Sorry, if this question is lame/stupid.

On 4/11/12 8:31 AM, niarn wrote:
> Does anyone know or is anyone able to explain why a 4th order digital
> butterworth bandpass/bandstop filter can't be represented/decomposed into a
> parallel connection of two real allpass filters?
>
> A 2nd order and a 6th order butterworth bandpass filter can be decomposed
> into a parallel connection of two real allpass filters by why not a 4th
> order filter?
>
> Sorry, if this question is lame/stupid.

no, it's a very sophisticated question assuming the premise is true.  i 
surely don't have an answer for you (yet) since i haven't thunk about it.

-- 

r b-j                  rbj@audioimagination.com

"Imagination is more important than knowledge."
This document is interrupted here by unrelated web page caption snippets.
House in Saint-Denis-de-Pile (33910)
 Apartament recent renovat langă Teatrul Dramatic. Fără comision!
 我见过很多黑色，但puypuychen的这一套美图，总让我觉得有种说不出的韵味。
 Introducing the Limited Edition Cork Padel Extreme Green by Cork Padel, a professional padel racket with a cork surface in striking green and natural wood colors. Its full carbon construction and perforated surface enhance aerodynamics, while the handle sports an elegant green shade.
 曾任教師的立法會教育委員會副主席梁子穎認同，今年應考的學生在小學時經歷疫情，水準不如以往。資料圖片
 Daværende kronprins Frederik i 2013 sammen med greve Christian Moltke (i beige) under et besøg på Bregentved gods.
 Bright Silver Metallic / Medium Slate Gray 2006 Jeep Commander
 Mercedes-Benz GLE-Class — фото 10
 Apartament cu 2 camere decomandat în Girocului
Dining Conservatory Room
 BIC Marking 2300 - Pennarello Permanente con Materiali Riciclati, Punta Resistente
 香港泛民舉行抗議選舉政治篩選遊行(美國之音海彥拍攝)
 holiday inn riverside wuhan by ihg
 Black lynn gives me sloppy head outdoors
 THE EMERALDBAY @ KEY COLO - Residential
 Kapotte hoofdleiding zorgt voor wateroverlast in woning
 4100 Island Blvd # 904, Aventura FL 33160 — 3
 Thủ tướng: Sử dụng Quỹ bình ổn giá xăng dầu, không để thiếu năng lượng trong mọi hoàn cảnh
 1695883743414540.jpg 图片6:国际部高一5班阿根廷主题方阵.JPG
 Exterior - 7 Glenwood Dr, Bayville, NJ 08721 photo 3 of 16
On 4/11/12 10:30 AM, robert bristow-johnson wrote:
> On 4/11/12 8:31 AM, niarn wrote:
>> Does anyone know or is anyone able to explain why a 4th order digital
>> butterworth bandpass/bandstop filter can't be represented/decomposed
>> into a
>> parallel connection of two real allpass filters?
>>
>> A 2nd order and a 6th order butterworth bandpass filter can be decomposed
>> into a parallel connection of two real allpass filters by why not a 4th
>> order filter?
>>
>> Sorry, if this question is lame/stupid.
>
> no, it's a very sophisticated question assuming the premise is true. i
> surely don't have an answer for you (yet) since i haven't thunk about it.
>

now i'm suspicious of the premise of the question.  can you show me an 
example of s 2nd-order BPF (with complex-conjugate poles) being 
decomposed into 2 APFs with real coefficients?  is one of those APFs a 
wire?  or a wire with gain?

-- 

r b-j                  rbj@audioimagination.com

"Imagination is more important than knowledge."

>
>now i'm suspicious of the premise of the question.  can you show me an 
>example of s 2nd-order BPF (with complex-conjugate poles) being 
>decomposed into 2 APFs with real coefficients?  is one of those APFs a 
>wire?  or a wire with gain?
>
>-- 
>
>r b-j                  rbj@audioimagination.com
>
>"Imagination is more important than knowledge."
>


You're right. The 2nd-order case is special in that one of the APFs is a
wire.

Here is Matlab/Octave code that shows an example.

% second order BPF
[B_bpf,A_bpf] = butter(1,[0.3 0.5]); % cutoff freqs are arbitrary

A_apf1 = A_bpf;
B_apf1 = fliplr(A_apf1);

% in this special case where one of the APFs is a wire we get 
A_bpf2 = A_apf1;
B_bpf2 = 0.5*(A_apf1 - B_apf1);


You can then confirm that B_bpf2 == B_bpf. 'Of course' A_bpf2 == A_bpf for
this example.


My own explanation that the decomp is not valid for 4th order butterworth
BPF is the following.


1. For Butterworth LPF the decomp is valid for uneven order. Although I
can't proof this in any way or make any serious math that backs up this
fact then intuitively I can see this because at nyquist the phase
difference between the output of the two APFs must be pi or some uneven
number times pi. This can only be possible (for real APFs) when the order
of the LPF is uneven.

2. The BPF is created by a LP2BP transformation that increases the order by
a factor of two. So because the decomp is valid for orders 1, 3, 5,... for
LPF, then the decomp is valid for orders 2, 6, 10,... for BPF.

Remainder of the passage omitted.